→ **The data**
/---

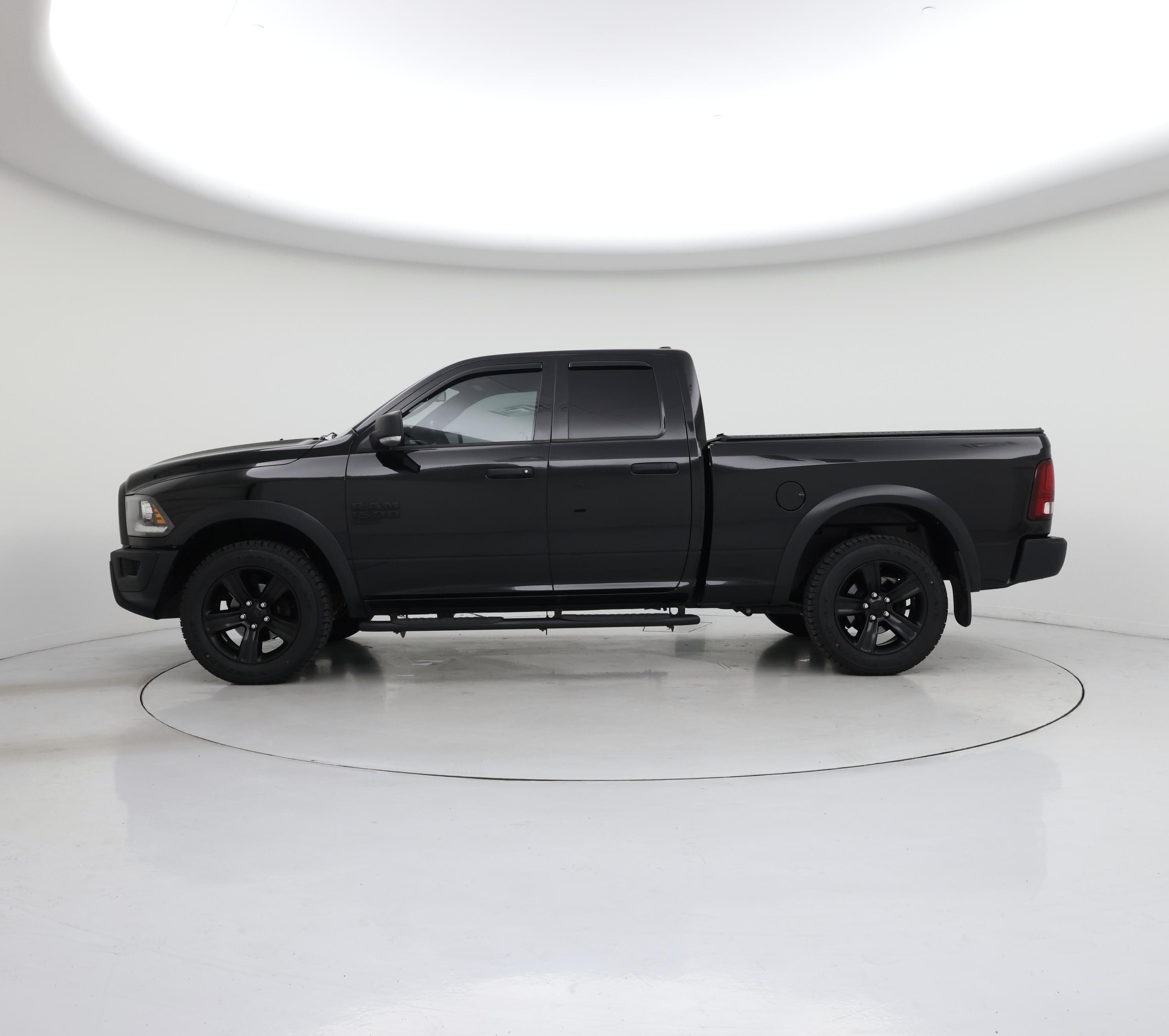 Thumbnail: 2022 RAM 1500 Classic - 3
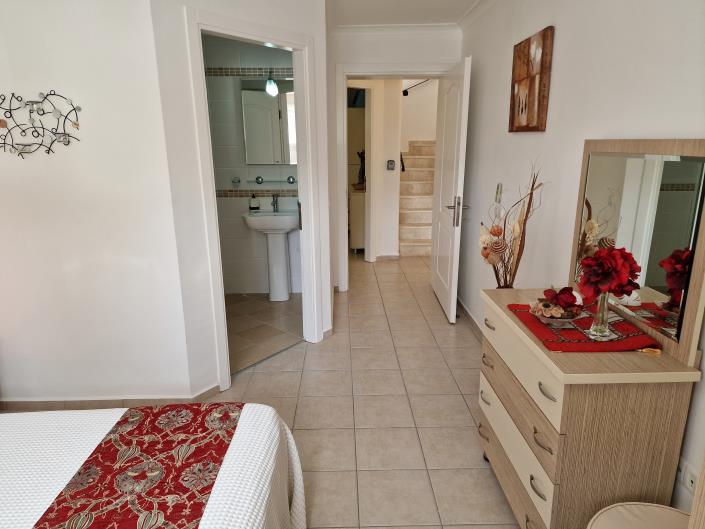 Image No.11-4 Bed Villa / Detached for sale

\---
/---

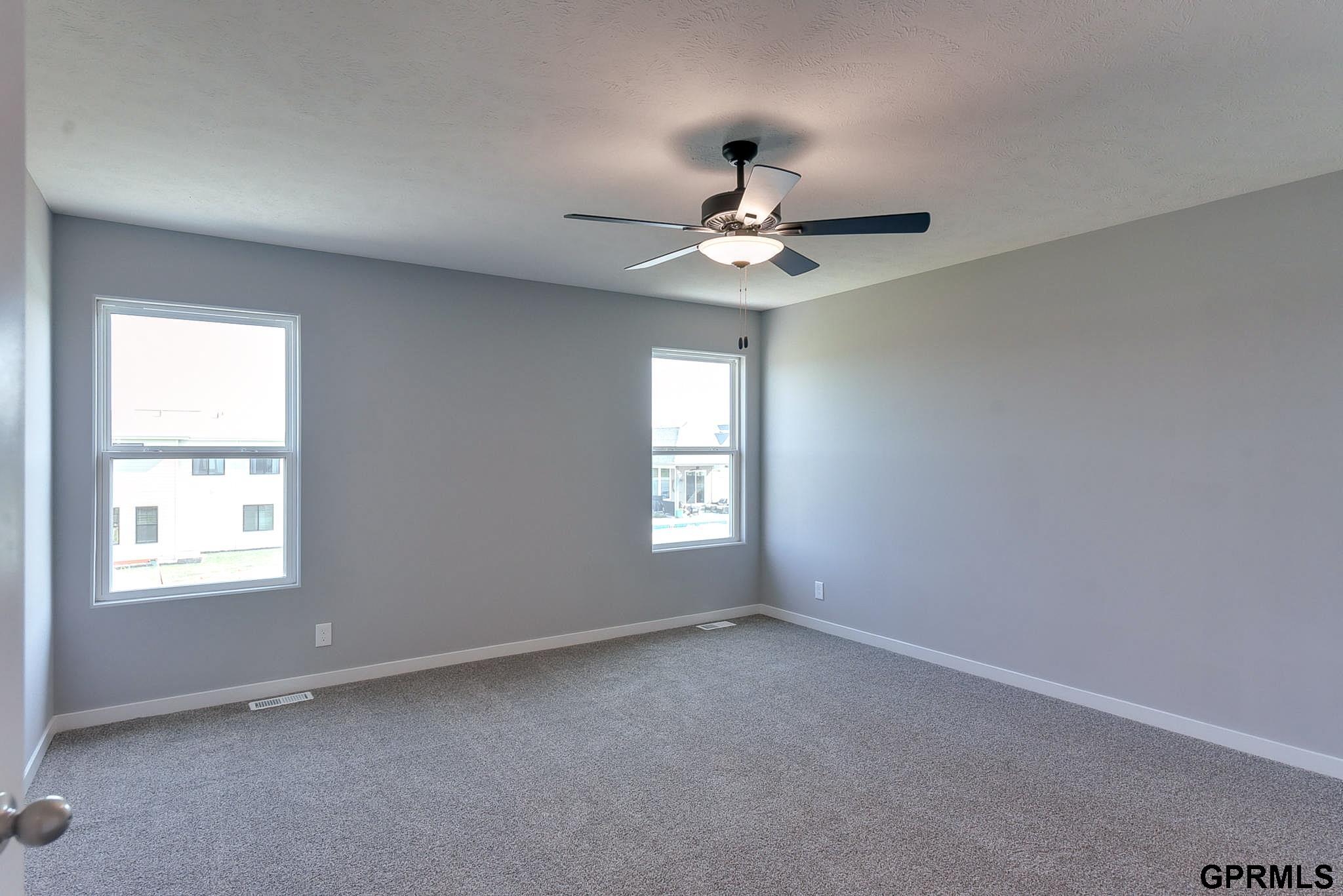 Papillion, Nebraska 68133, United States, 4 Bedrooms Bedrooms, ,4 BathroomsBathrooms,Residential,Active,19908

\---

→ **Directions for this task**
Excluding any pictures, print exactly the lines of the listing above from the line with "Thumbnail: 2022 RAM 1500 Classic - 3" to the line with "Image No.11-4 Bed Villa / Detached for sale", both ends included.

→ **Result of this exercise**
 Thumbnail: 2022 RAM 1500 Classic - 3
 Image No.11-4 Bed Villa / Detached for sale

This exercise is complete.